_Exercise description:_ In this exercise, the entries below include pictures. Repeat exactly the lines from the line with "Obraz premium Airplane" to the line with "A bird's-eye view", including both, but without the pictures.

_Available data:_
--------

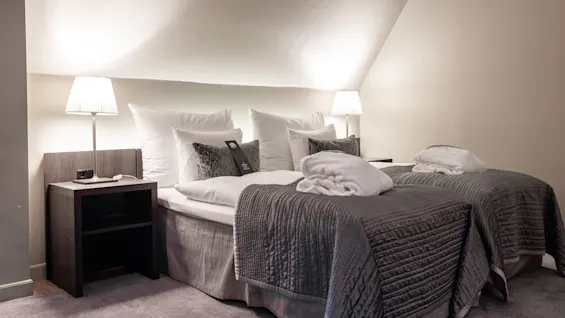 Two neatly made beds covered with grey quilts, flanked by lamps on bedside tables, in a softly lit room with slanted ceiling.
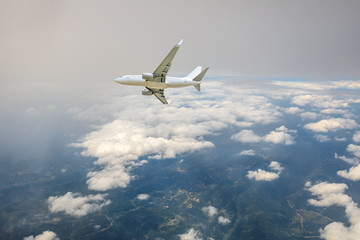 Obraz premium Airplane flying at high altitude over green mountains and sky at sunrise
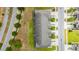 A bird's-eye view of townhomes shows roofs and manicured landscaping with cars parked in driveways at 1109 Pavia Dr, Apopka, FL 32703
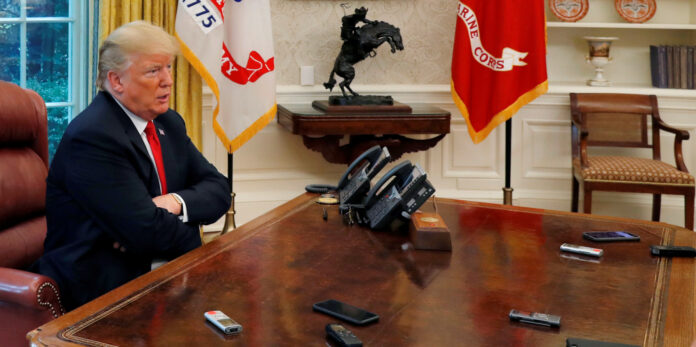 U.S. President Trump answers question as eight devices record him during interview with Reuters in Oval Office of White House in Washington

--------

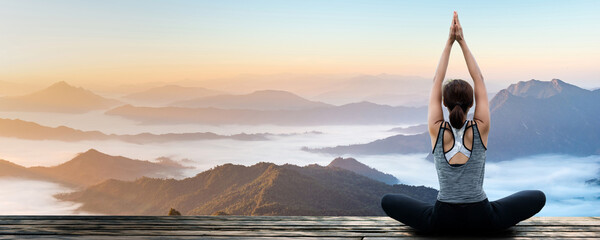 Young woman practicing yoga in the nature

--------

_Worked solution:_
 Obraz premium Airplane flying at high altitude over green mountains and sky at sunrise
 A bird's-eye view of townhomes shows roofs and manicured landscaping with cars parked in driveways at 1109 Pavia Dr, Apopka, FL 32703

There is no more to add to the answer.